PROBLEM STATEMENT: Every record must be copied exactly, from first line to last.

DATA EXTRACTS:

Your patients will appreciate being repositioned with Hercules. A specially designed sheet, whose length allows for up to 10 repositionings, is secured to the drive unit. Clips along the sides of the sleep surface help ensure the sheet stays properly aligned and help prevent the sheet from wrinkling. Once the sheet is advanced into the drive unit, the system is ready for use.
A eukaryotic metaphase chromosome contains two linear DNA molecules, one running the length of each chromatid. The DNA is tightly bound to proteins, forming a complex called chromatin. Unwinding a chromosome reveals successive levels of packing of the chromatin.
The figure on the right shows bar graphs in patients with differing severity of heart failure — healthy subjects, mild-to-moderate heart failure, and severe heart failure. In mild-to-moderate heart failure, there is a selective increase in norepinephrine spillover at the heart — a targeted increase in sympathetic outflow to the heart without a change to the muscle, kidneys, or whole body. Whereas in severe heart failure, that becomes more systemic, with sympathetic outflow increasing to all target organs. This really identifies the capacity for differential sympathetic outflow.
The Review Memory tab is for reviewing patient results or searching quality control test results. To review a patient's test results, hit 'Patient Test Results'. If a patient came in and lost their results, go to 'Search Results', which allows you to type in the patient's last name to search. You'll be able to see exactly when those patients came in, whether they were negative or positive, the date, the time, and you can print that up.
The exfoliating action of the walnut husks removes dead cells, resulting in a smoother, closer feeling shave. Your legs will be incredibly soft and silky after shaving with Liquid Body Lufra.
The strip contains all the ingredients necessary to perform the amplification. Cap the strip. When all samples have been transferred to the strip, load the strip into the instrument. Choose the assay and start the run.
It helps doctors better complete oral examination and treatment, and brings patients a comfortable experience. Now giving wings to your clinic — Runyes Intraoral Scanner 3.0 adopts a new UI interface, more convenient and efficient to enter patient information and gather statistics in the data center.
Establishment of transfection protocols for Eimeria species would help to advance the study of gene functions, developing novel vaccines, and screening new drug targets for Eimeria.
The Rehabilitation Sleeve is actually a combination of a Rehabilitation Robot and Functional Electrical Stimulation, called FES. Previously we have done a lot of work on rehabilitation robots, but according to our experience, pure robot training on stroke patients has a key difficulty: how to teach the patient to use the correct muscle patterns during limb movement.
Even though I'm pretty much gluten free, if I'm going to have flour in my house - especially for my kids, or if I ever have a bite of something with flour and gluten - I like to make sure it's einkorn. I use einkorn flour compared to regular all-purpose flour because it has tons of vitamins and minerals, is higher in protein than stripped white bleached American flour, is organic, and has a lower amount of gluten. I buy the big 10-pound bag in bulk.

SOLUTION TO THE EXERCISE:
Your patients will appreciate being repositioned with Hercules. A specially designed sheet, whose length allows for up to 10 repositionings, is secured to the drive unit. Clips along the sides of the sleep surface help ensure the sheet stays properly aligned and help prevent the sheet from wrinkling. Once the sheet is advanced into the drive unit, the system is ready for use.
A eukaryotic metaphase chromosome contains two linear DNA molecules, one running the length of each chromatid. The DNA is tightly bound to proteins, forming a complex called chromatin. Unwinding a chromosome reveals successive levels of packing of the chromatin.
The figure on the right shows bar graphs in patients with differing severity of heart failure — healthy subjects, mild-to-moderate heart failure, and severe heart failure. In mild-to-moderate heart failure, there is a selective increase in norepinephrine spillover at the heart — a targeted increase in sympathetic outflow to the heart without a change to the muscle, kidneys, or whole body. Whereas in severe heart failure, that becomes more systemic, with sympathetic outflow increasing to all target organs. This really identifies the capacity for differential sympathetic outflow.
The Review Memory tab is for reviewing patient results or searching quality control test results. To review a patient's test results, hit 'Patient Test Results'. If a patient came in and lost their results, go to 'Search Results', which allows you to type in the patient's last name to search. You'll be able to see exactly when those patients came in, whether they were negative or positive, the date, the time, and you can print that up.
The exfoliating action of the walnut husks removes dead cells, resulting in a smoother, closer feeling shave. Your legs will be incredibly soft and silky after shaving with Liquid Body Lufra.
The strip contains all the ingredients necessary to perform the amplification. Cap the strip. When all samples have been transferred to the strip, load the strip into the instrument. Choose the assay and start the run.
It helps doctors better complete oral examination and treatment, and brings patients a comfortable experience. Now giving wings to your clinic — Runyes Intraoral Scanner 3.0 adopts a new UI interface, more convenient and efficient to enter patient information and gather statistics in the data center.
Establishment of transfection protocols for Eimeria species would help to advance the study of gene functions, developing novel vaccines, and screening new drug targets for Eimeria.
The Rehabilitation Sleeve is actually a combination of a Rehabilitation Robot and Functional Electrical Stimulation, called FES. Previously we have done a lot of work on rehabilitation robots, but according to our experience, pure robot training on stroke patients has a key difficulty: how to teach the patient to use the correct muscle patterns during limb movement.
Even though I'm pretty much gluten free, if I'm going to have flour in my house - especially for my kids, or if I ever have a bite of something with flour and gluten - I like to make sure it's einkorn. I use einkorn flour compared to regular all-purpose flour because it has tons of vitamins and minerals, is higher in protein than stripped white bleached American flour, is organic, and has a lower amount of gluten. I buy the big 10-pound bag in bulk.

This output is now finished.